• TASK INSTRUCTIONS: Starting with the line that holds "The default session", reproduce each line through the last one of the data, exactly as written. Pictures are not copied.

• MATERIAL PROVIDED:
========

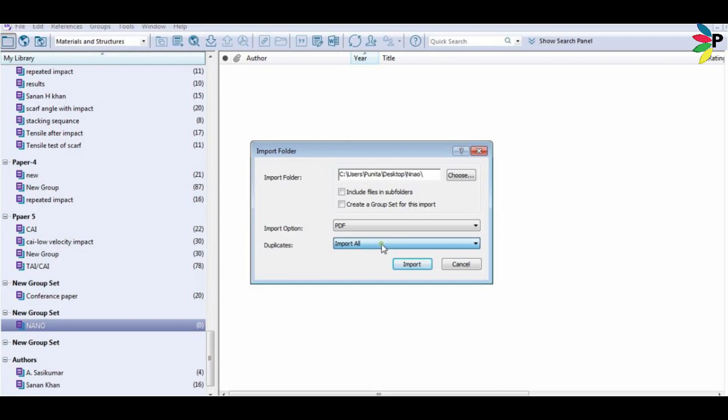Hello everyone. I have been asked by people how to give the reference by using the offline mode of Endnote. In this video I am showing you how to give the reference if you don't have the online option, so you can use the offline method. For this, you should have at least the folder that contains all the PDF files of your references, or the PDF file itself.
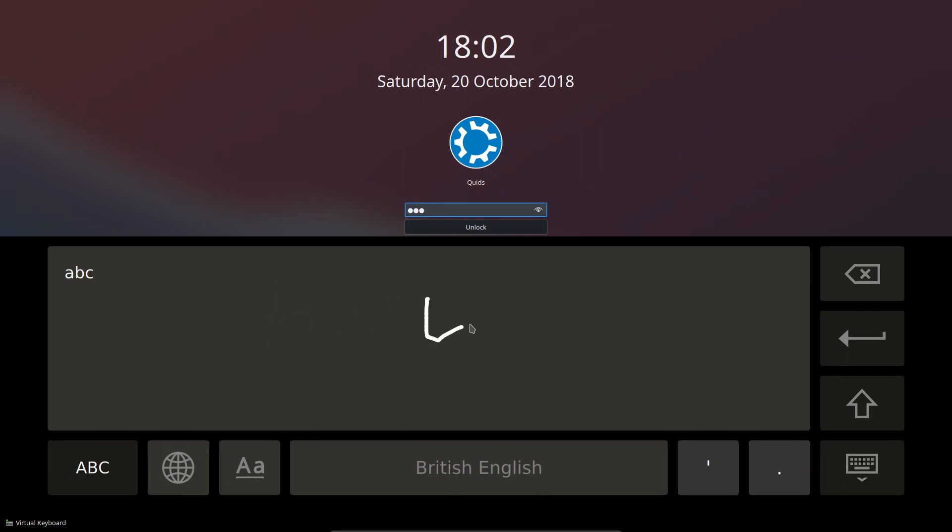The default session is Xorg, but you can manually install the Wayland session. For testing purposes only and they don't recommend it for a production system.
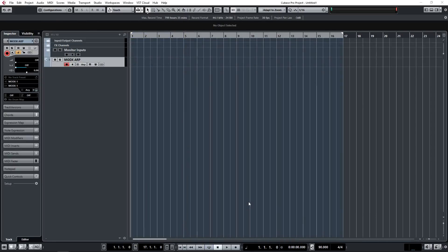So to bring this video to a close, let's record one of the audition phrases into Cubase. This uses various performance controls, so we're recording both the performance data, the note data, and arpeggio data all at the same time.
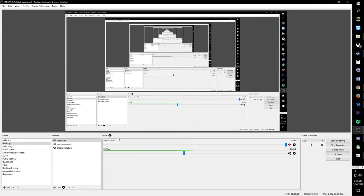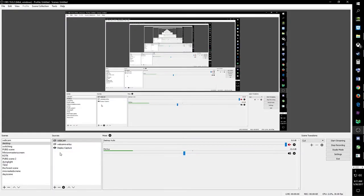I am making this video to show you how to change from display capture to game capture.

========

• WRITTEN RESPONSE:
The default session is Xorg, but you can manually install the Wayland session. For testing purposes only and they don't recommend it for a production system.
So to bring this video to a close, let's record one of the audition phrases into Cubase. This uses various performance controls, so we're recording both the performance data, the note data, and arpeggio data all at the same time.
I am making this video to show you how to change from display capture to game capture.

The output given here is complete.